齊藤ゆずか
8月某日、私は京都市京セラ美術館を訪れた。平安神宮や図書館・美術館などの文化施設が集まる岡崎エリアに位置し、よく晴れた休日の昼下がり、美術館の周囲は人でにぎわっている。
1933年に建てられ、現存する公立美術館の中ではもっとも古い建築だという。複数の企画展や常設展が同時開催されているが、2020年に大規模な改修を行い誕生した新館「東山キューブ」へ向かう。
光がよく差し込む館内をまっすぐ進むと、吹き抜けの開放的な中央ホールが現れる。温かみのある白色の壁と木の床が美しく、思わず立ち止まる。2階へと続く螺旋階段が存在感を放っている。ホールを抜けると、ガラス窓の向こうに日本庭園が見える。そこにそびえるのは、黄金に輝く巨大な彫刻作品。花をかたどった顔に笑みを浮かべて立つ親子の像で、東山キューブで開催中(9月1日で終了)の「村上隆 もののけ 京都」展で個展を開催中の作家・村上隆の「お花の親子」である。
展覧会には国内外から観客が訪れていた。黄金の背景を用いた作品が多く、そこへ村上版の「洛中洛外図」や、ポップでカラフル、不思議なキャラクターたちが描かれている。
大きな作品の前に立つと、全体を眺めることはできない。どこか一部を見てから、首を回したり離れたりして、他の部分の見え方を確かめる。ほかの人の肩越しに作品をのぞくこともある。まるで、突然空から舞い降りて来た物体に、おそるおそる対峙しているような感覚。遠くから見たときにはわからなかったけれど、一色に見えていたところに模様が入っている。円を重ねるようにして描かれた瞳の多くが左右非対称だ。発見するたびに、この展覧会という世界のことを少しずつわかっていく。
ところどころの作品に作家・村上隆のメッセージが残され、創作や展覧会への思いが読み取れる。作家が展示方法や構成に携わるのは、現代アートの個展ならでは。

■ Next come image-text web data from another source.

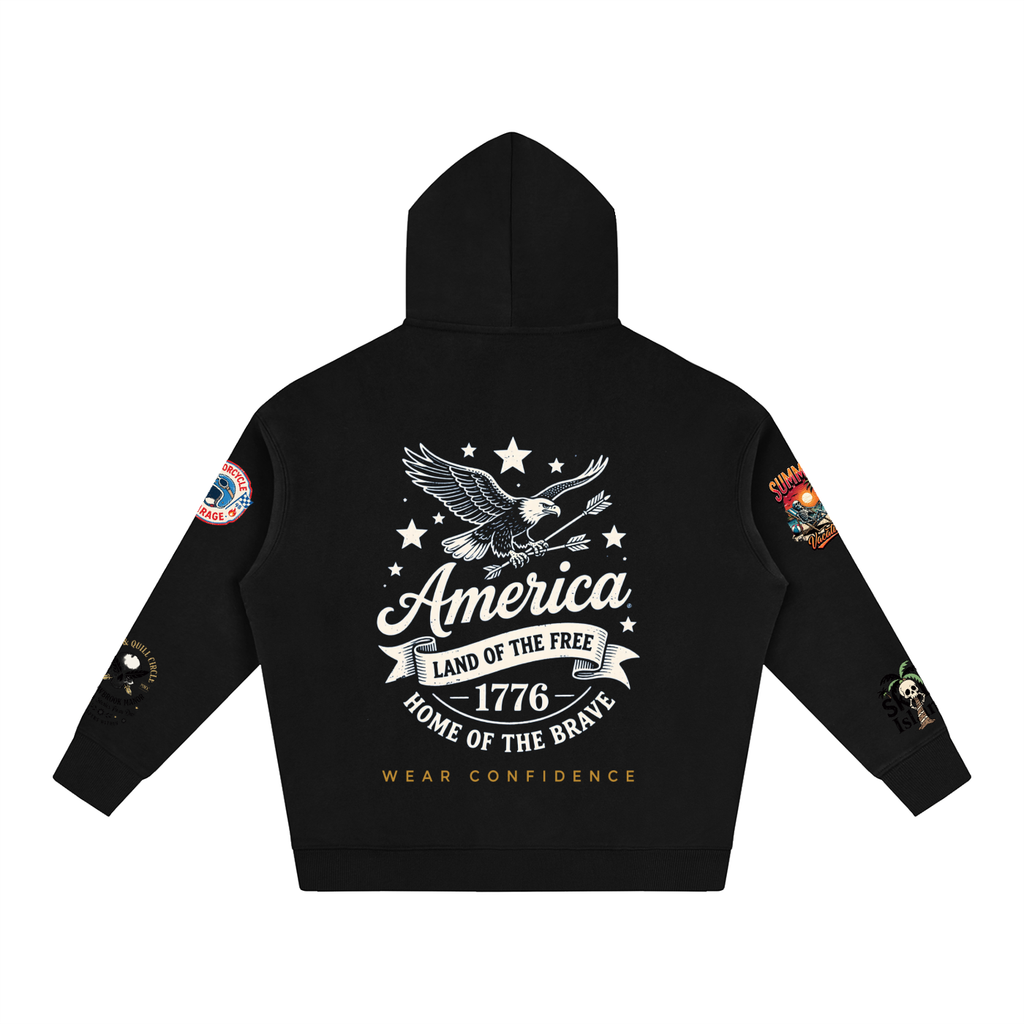 Oversize Fleeced Hoodie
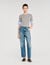 Jumper with contrast short sleeves
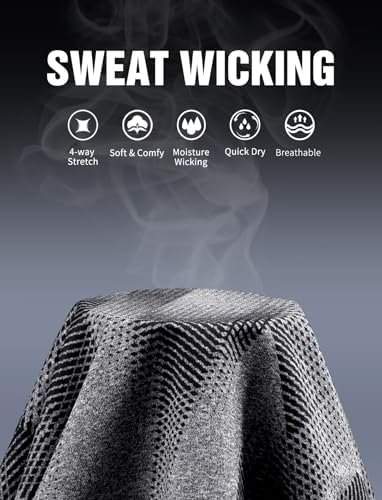 Zengjo Workout Shirts for Men Quick Dry-Moisture Wicking Gym Running Athletic T-... - Image 5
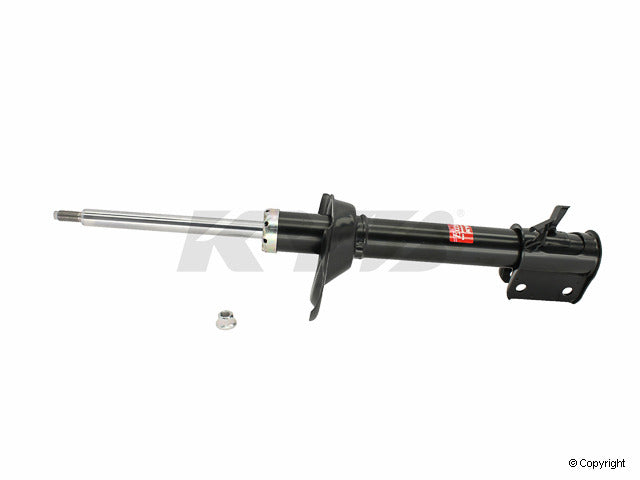 Top View of Rear Left Suspension Strut KYB 334345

私が美術館に行くようになったのは、大学生になってからだった。最初は空間にぽつぽつと置かれた作品をどうたどれば良いのか戸惑っていた。どの作品の前でどのくらい立ち止まるのか、それぞれの作品をどこから眺めるのかは、観客に委ねられている。しかしそれは、読書で感じる自由にも似ている。自分の声が聞こえてくる。アートの世界を泳ぐことができる場所としての美術館に、ぜひ足を運んでみてほしい。
美術館情報

京都市京セラ美術館
京都市左京区岡崎円勝寺町124
開館時間●10:00~18:00
休館日●月曜日(祝・休日は開館)、12月28日~1月2日
鑑賞料金●企画展は展示ごとに異なる。コレクションルームは一般料金が京都市在住者は520円、市外在住者は730円。